The battle before the First Circuit is liable to increase the already high prices consumers face in a world where nearly all goods move at some point via trucking.

BOSTON (CN) — At a time of spiraling inflation and high gas prices, the First Circuit showed little concern about an argument that America's supply-chain problems will be even worse if truck drivers must be paid for the time they spend on the road but not working.

"There’s something anti-common-sensical about what you’re saying,” U.S. Circuit Judge Kermit Lipez told attorney James Hanson, who represents the trucking industry. “You’re taking a position that defies common sense and is contrary to the longstanding position of the Department of Labor.”

Lipez is part of a panel in Boston that heard an appeal Wednesday in a class action against CRST, one of the country’s largest private trucking companies, by more than 9,000 drivers. The case has far larger ramifications than even that, however, because any ruling could affect a large percentage of the country’s more than 3.5 million truck drivers.

At the root of the case is a federal law that prohibits truck drivers from working more than 14 hours a day. To keep products moving briskly on long-haul trips, it’s common for shipping companies to use a tag team of two drivers who work 14-hour shifts. Drivers who are off-duty typically spend time in a sleeping berth where they can rest, as the name suggests, or engage in other activities like watching movies, preparing meals, reading and surfing the internet.

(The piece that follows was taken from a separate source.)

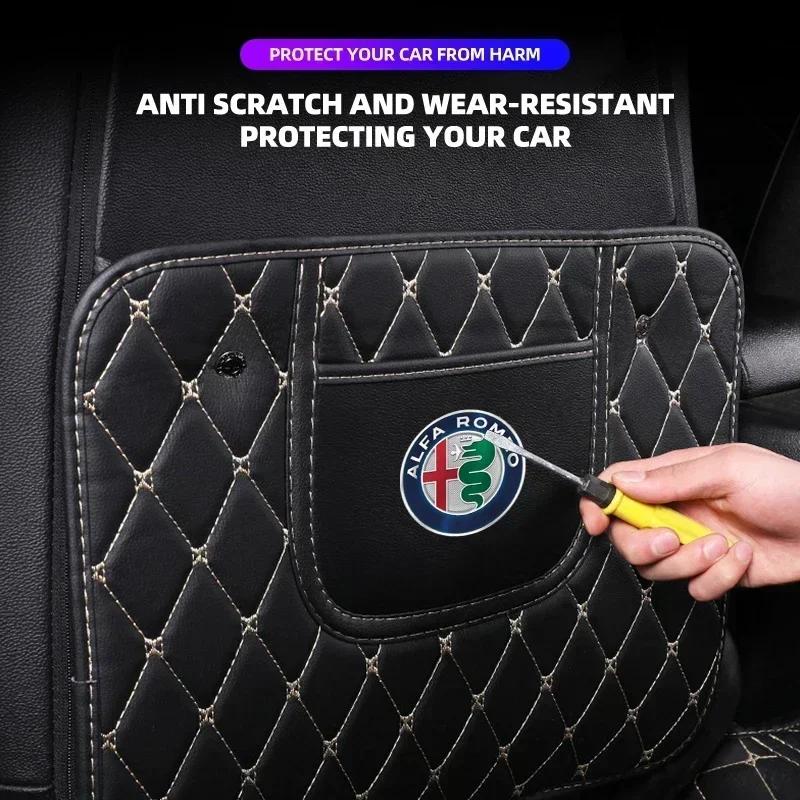BRGKL1 For Alfa Romeo New PU Leather Car Anti-Kick Mats Auto Seat Back Protector Cover For Alfa Romeo Giulietta GT 159 147 156 Mito Bre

The question is how much of this off-duty time is “work time” that must be compensated at minimum wage. At oral argument Wednesday, the First Circuit seemed to indicate that it thinks truckers should be paid minimum wage for at least some of the off-duty time that they spend in their vehicles.

While the Labor Department decided back in 1943 that time in a sleeping berth should never be paid, it issued an opinion in 1964 that such time was compensable after eight hours during which it’s assumed that the employee is sleeping. The Trump administration reversed course in 2019 and went back to the 1943 rule, but the Biden administration undid the Trump policy just two years later.

Lower federal courts are split on the issue. The Ninth Circuit held that sleeping berth time should never be paid in an unpublished decision in 2017.

The American Trucking Associations Inc. warned the First Circuit meanwhile in an amicus brief that a decision diverging from the Ninth Circuit would “put motor carriers — who by the very nature of their business typically operate in multiple jurisdictions — in the impossible position of having to apply the same federal wage statute in conflicting ways in different parts of the country.”

The parties reached a contingent settlement below, and CRST agreed that if it loses its appeal it will pay the drivers $2.5 million in addition to future hourly compensation.

If the plaintiffs win, “it’s going to change the industry,” predicted Paul Taylor, chief trial attorney at the Truckers Justice Center in Burnsville, Minnesota.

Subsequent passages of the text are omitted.